I need to check if a string is hexadecimal. I learnt 2 approaches -
1.) Looping over each character
all(c in string.hexdigits for c in s) # Straight forward with no optimizations
2.) Use int() function to check for an error
try:
int(s, 16)
return True
except ValueError:
return False
In the 1st case I know the complexity is O(n). But what about the 2nd one?
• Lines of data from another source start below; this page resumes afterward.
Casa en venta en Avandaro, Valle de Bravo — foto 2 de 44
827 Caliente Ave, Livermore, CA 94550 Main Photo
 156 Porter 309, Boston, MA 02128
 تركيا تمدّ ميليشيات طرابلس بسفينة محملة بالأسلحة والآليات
What is the time complexity there?
int(s, 16)
will still have complexity O(n), where n == len(s)
, but the two aren't directly comparable. int
will be iterating over the data at a lower level than all
, which is faster, but int
also does more work (it actually has to compute the integer value of s
).
So which is faster? You have to profile both.
In [1]: s = "783c"
In [2]: import string
In [3]: %timeit all(c in string.hexdigits for c in s)
800 ns ± 3.23 ns per loop (mean ± std. dev. of 7 runs, 1000000 loops each)
In [4]: %%timeit
...: try:
...: int(s, 16)
...: except ValueError:
...: pass
...:
223 ns ± 1.8 ns per loop (mean ± std. dev. of 7 runs, 1000000 loops each)
Looks like internal iteration wins. I tested on an 9-digit string as well, and int
was still about 4x faster.
But what about invalid strings?
In [8]: s = 'g'
In [9]: %%timeit
...: try:
...: int(s, 16)
...: except ValueError:
...: pass
...:
1.09 µs ± 2.62 ns per loop (mean ± std. dev. of 7 runs, 1000000 loops each)
In [10]: %timeit all(c in string.hexdigits for c in s)
580 ns ± 6.55 ns per loop (mean ± std. dev. of 7 runs, 1000000 loops each)
Now, we're basically testing the benefit of short-circuiting versus the cost of catching an exception. What happens if the error occurs later in the string?
In [11]: s = "738ab89ffg"
In [12]: %timeit all(c in string.hexdigits for c in s)
1.59 µs ± 19.9 ns per loop (mean ± std. dev. of 7 runs, 1000000 loops each)
In [13]: %%timeit
...: try:
...: int(s, 16)
...: except ValueError:
...: pass
...:
1.25 µs ± 19.5 ns per loop (mean ± std. dev. of 7 runs, 1000000 loops each)
Now we're seeing the benefit to internal iteration again.